So, I basically play first-person shooters. Anything else and I am not happy.

Having played Half Life and Half Life 2 over the years, of course I was keen to get Valve's compilation "The Orange Box", which, in a moment of marketing brilliance includes not only Half Life 2, Half Life 2 episodes 1 and 2 and Team Fortress, it also contains a little gem in the form of Portal. I have to admit, I have no interest in Team Fortress, and although I did want to get episodes 1 and 2, it was really Portal that had peaked my interest and led to my purchase. And I was utterly surprised to find that this little add-on game is probably the best game I have played, ever, without exception.

So how does this little first-person puzzle game shine brighter than the other games in the compilation? In fact, how does it manage to find a special place in my heart and beat the socks off the staples of my addiction - Halo, and shooting Nazis?
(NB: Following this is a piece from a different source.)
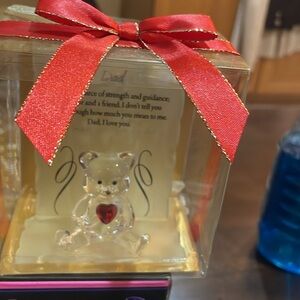 Gift for Dad - Crystal Bear with Red Heart Ornament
In all honesty, I am not really sure.

Originally written as a student project and titled "Narbacular Drop", Portal is a short and incredibly simple game. The premise is straightforward: you play Chell, a female test subject at the Aperture Science Computer-Aided Enrichment Center*. You wake up in a sterile chamber in the Aperture Science Enrichment Center, and from here start your testing, and your relationship with what seems to be the centre's AI called GLaDOS, her haunting yet captivating voice coming, it seems, from everywhere.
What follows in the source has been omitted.